I had considered a variety of other designs but have been more than happy with what I have. My work area is assembled with screws to allow for modification or disassembly if ever needed, but since putting it to use, I see no reason to ever do so. I did use a brad nailer to fasten the oak trim around the edges to keep the hardboard top in place (the hardboard is also affixed with double sided tape to allow for future replacement should it become damaged or worn).


----------



## CL810 (Mar 21, 2010)

+10 to Jayt's comments. Looking for a bench style? Read this thread.


----------



## Sylvain (Jul 23, 2011)

Agree with JayT comments.

I made mine (Paul Sellers type) from recycled lumber. I had very little experience.
It is not difficult to make. One only needs basic hand tools to do it. 
Paul Sellers has excellent free videos.

A workbench doesn't need to look very nice. 
Look at this one (one afternoon workbench) 
More importantly, see what his very productive owner is able to do with this basic bench.
What you do, once you have a workbench, is more important than the workbench.

If you need a workbench which can be quickly knocked up/down the Moravian workbench is to be considered.


----------



## bondogaposis (Dec 18, 2011)

Build your own, way cheaper and rewarding too. You will need to pick a design and acquire the hardware.
I highly recommend that you design your bench around the vises that you decide on. It is much easier to do it that way than than to build a bench and then try to fit he vises later.


----------



## rwe2156 (May 7, 2014)

What bondo and JayT said.

If you are unsure what you want to do right now, I would suggest using plywood and/or MDF. Build a nice stout base of 4×4's. Mount a face and end vise, drill some dog holes and start using it. You may want to add some T tracks, storage, etc.
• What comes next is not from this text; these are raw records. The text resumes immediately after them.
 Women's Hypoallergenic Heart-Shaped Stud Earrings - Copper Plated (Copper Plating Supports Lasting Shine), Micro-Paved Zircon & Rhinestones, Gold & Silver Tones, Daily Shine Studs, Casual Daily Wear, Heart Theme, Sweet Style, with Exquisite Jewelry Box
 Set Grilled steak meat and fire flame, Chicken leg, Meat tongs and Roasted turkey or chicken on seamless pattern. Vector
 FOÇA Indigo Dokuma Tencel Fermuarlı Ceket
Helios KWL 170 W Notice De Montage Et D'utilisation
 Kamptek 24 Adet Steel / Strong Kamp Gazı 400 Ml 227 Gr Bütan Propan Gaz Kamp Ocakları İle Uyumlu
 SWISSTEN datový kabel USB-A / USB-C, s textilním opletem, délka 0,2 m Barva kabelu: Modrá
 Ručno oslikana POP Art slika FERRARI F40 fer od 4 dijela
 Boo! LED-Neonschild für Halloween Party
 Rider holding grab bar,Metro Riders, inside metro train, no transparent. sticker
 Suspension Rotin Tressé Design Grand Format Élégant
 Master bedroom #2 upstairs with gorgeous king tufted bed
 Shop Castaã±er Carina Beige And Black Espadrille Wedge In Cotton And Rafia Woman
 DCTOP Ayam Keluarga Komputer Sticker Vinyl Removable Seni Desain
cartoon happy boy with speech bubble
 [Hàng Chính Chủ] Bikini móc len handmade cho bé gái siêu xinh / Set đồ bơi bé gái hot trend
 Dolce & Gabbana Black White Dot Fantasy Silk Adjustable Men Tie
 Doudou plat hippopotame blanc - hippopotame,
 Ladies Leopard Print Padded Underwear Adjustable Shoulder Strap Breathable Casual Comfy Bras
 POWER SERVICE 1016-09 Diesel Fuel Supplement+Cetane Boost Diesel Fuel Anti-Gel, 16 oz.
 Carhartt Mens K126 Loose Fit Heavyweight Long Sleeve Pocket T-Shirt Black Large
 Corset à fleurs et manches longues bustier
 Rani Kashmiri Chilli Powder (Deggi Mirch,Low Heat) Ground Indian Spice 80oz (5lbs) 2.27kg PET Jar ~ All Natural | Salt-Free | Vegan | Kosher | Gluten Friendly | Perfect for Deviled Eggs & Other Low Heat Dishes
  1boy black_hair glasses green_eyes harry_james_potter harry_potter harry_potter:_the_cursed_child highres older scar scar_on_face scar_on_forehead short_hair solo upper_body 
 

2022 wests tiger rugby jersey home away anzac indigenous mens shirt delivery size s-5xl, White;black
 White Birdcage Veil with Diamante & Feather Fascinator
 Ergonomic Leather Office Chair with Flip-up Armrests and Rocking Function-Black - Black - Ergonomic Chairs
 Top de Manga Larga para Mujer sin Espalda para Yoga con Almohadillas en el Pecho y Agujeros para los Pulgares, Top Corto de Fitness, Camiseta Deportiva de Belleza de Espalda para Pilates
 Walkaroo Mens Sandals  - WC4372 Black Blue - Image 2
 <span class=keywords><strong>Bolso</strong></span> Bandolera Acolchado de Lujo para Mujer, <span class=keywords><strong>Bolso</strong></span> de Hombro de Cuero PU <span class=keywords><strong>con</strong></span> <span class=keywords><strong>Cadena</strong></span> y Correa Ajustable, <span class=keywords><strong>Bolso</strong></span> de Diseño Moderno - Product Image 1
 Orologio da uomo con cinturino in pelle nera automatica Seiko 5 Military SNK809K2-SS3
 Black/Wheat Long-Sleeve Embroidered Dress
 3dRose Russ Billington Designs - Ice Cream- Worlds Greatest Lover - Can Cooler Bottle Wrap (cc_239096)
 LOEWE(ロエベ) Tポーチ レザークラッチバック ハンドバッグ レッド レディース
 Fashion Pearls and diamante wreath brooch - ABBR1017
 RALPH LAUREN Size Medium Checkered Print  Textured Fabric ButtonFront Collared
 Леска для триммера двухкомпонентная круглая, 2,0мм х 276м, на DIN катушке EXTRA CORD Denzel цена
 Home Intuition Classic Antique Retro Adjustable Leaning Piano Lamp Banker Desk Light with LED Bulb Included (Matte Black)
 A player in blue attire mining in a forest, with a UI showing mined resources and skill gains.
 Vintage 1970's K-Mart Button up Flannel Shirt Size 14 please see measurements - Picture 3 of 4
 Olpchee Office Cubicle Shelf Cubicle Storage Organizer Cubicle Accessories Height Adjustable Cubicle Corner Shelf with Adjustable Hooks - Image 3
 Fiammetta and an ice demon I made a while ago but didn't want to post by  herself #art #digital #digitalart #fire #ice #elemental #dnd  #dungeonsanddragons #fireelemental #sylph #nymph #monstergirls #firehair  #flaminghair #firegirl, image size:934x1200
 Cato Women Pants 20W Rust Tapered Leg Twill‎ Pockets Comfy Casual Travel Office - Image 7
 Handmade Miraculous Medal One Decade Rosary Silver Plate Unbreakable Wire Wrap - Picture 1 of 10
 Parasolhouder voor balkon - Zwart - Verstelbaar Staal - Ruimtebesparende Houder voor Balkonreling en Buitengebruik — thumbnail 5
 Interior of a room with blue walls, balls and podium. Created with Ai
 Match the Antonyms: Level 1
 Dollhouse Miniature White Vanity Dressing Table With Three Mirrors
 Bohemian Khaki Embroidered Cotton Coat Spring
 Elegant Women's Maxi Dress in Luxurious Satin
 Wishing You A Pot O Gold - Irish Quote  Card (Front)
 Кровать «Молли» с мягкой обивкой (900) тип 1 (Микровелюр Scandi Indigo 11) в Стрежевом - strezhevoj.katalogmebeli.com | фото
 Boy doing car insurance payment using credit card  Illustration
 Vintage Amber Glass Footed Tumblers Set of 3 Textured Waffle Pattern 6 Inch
Once you get down the road a bit and decide on your "ultimate" bench, this one can always become an assembly or outfeed table if you have the room.


----------



## waho6o9 (May 6, 2011)

From the Moravian workbench link, thank you.


----------



## SMP (Aug 29, 2018)

What are some of the designs you like? And what is your skill level? And what tools/workspace do you have now? I am trying to learn hand tool skills and traditional joinery, so I purchased a video series that is showing me how to build a great bench inexpensively while learning and practicing all these hand tool techniques.


----------



## rustynails (Jun 23, 2011)

I would build one of the paulk workbenchs

https://www.pinterest.com/rccbflyer/paulk-workbench/


----------



## WoodenDreams (Aug 23, 2018)

I don't consider making your own workbench a huge project. Quite a few workers made some really nice benches to fit their needs. Figuring cost factor, and building it to your needs. Mines quite functional 4×4 legs, 2×4 framing, lower shelf storage for 3' to 4'boards, 4'x4' premium MDF table top, with three Grizzly H7788 vises. I figure when my table top gets too beat up, I'll just unscrew the top turn it over and use the other side or added another MDF top. My total cost was $350 and two days off my time. You will be doing wood projects much more difficult than a workbench. I helped a friend build his workbench last summer, 2'x12' attached to the wall studs on one wall & no legs, he wanted a plywood table top, total cost $60.


----------



## LittleShaver (Sep 14, 2016)

There are zillions of ways to build a bench. My first was using purchased metal legs and an old door for the top. The next was 2×4 frame and a double layer of 3/4 plywood for the top. After that, I used old kitchen lowers with a resin top. I inherited a metal based bench with a hardboard top (came with an Emmert Vise) that I still have. I needed a quick assembly table so i built a 2×4 frame and topped it with a hollow core door. Worked so well, I added a second one. I got plans and made the Apartment work bench from Lee Valley. Now I'm building a Moravian bench out of reclaimed lumber.
Each time we re-locate, it's time for a new bench. I'm thinking the next move will involve taking the Emmert Bench, the Apartment bench and the Moravian. 
My point is that no bench is forever. Needs change, work habits evolve, locations change, budgets change, and stiff happens. Just make something that works for now, you can always change later.


----------



## SweatyTeddy (Apr 2, 2016)

Thank y'all for the advice. I now have a rough idea of what I need to incorporate into my bench/out feed table. Plus a reagangement of my shop is in order.


----------



## PropmakerLA (May 16, 2018)

I bought the two that I have for my home shop from Craigs List. They are both 4×8 welded metal frames one is on wheels one is stationary. One has a 1in MDF top the other is 3/4 melamine. For what I wanted it was cheaper to buy them, frames are solid and will last forever. When the tops get trashed I can just unscrew them and replace.


----------



## fuigb (Apr 21, 2010)

Build your bench. If your experience as a woodworker is typical then most of what you create is for other people. Benches are one of only a few things that were made by me with me in mind as the user/"customer." Very pleased to have made these for myself.


----------